In addition to the Gen. Thomas D. White Environmental Awards, Arnold AFB, Tenn.; Tinker AFB; Dover AFB, Del.; and Gary M. O'Donnell of Hickam AFB, Hawaii, took half of the eight awards given annually for outstanding work in DOD environmental programs. They were honored at the corresponding Secretary of Defense Environmental Awards Ceremony June 7.

Arnold AFB won the Natural Resources Conservation for a Large Installation award. This award recognizes efforts to promote the conservation of natural resources, the sound management and use of land and its resources and the promotion of conservation.

Special recovery efforts at Arnold AFB led to a rare species found on the site being removed from the threatened list. The base also saved $50,000 by obtaining jurisdiction over its wetlands and conducted conservation education with off-base wildlife organizations.

Dover AFB officials received the Environmental Restoration-Installation award, which recognizes efforts to protect human health and the environment by cleaning up identified DOD sites in a timely, cost-efficient and responsive manner.

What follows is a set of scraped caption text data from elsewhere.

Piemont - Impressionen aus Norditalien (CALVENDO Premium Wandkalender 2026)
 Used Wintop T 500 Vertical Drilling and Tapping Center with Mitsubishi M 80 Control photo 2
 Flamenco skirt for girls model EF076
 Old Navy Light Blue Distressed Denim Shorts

Dover AFB officials met the Air Force's goal of completing or installing environmental restoration remedies six years ahead of schedule. Dover AFB members restored natural resources for use in supporting the base's warfighting mission, constructed remediation systems underneath the taxiway without impact to the mission, and set an Air Force record for obtaining regulator signatures on six Records of Decisions for 39 sites in six months.

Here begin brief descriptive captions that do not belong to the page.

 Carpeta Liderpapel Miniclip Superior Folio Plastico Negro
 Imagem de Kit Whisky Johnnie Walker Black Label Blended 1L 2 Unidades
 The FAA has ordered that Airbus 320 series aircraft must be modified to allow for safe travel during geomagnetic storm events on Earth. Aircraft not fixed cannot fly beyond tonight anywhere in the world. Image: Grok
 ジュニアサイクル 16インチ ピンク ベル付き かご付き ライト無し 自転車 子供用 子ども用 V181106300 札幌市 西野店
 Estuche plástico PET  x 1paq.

Mr. O'Donnell won the Cultural Resources Management Individual Excellence Award for his efforts to protect historical and cultural resources. He invited local community members to participate in landscape maintenance of a Native Hawaiian burial vault, implemented the "Preserve America's Interpretive Plan" for heritage tourism, and educated base planners and engineers on adaptive use of historic structures.

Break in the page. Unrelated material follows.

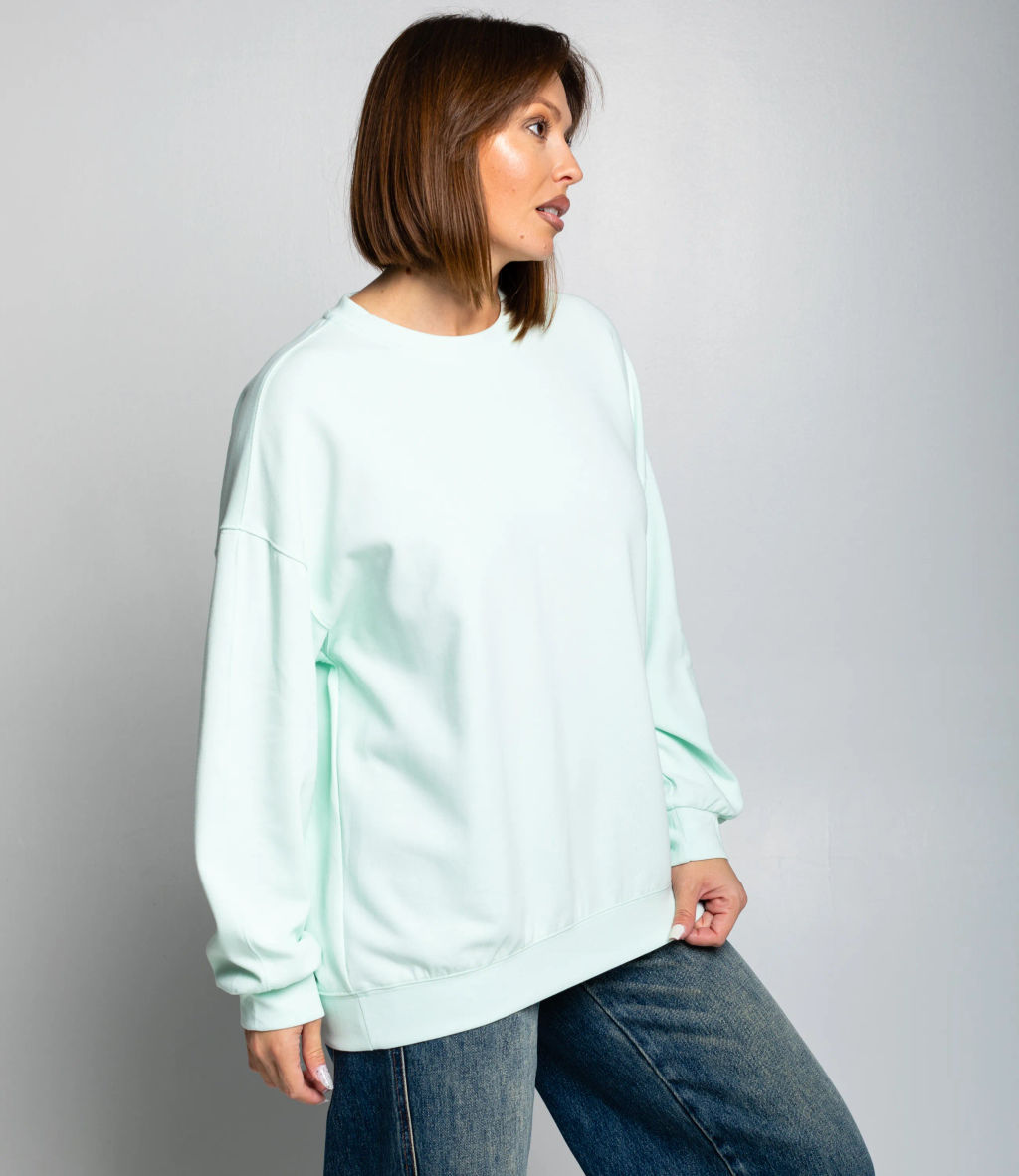Свитшот #КТ329 (3), мята - Dommod фото 2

Tinker AFB was selected for the Environmental Quality-Industrial Installation Award. This award is given for efforts to ensure mission accomplishment and protection of human health through the implementation of environmental management systems and pollution prevention.

Tinker AFB officials converted B-1BLancer, B-52 and C-130 Hercules aircraft surface treatment to a more environmentally sound process, saving $120,000 annually. Additionally, Tinker AFB members' use of alternative fuels in 75 percent of base vehicles will reduce air emissions by 20 tons per year.

"This is the cream of the crop," said William C. Anderson, assistant secretary of the Air Force for Installations, Environment and Logistics. "An amazing group of projects, ingenuity and free thinking brought these folks to this point."

"Around the Air Force, folks are doing great things," he said. "We will meet our environmental remedy two years ahead of the DOD commitment, by 2012. We're the largest green power purchaser in America, we're helping to wean the country off its addiction to oil, we're installing the largest solar array at Nellis AFB and more," he said.

"Today it's not just environment -- we have an expanded definition -- it's now energy and environment, woven together very tightly, never to be separated again."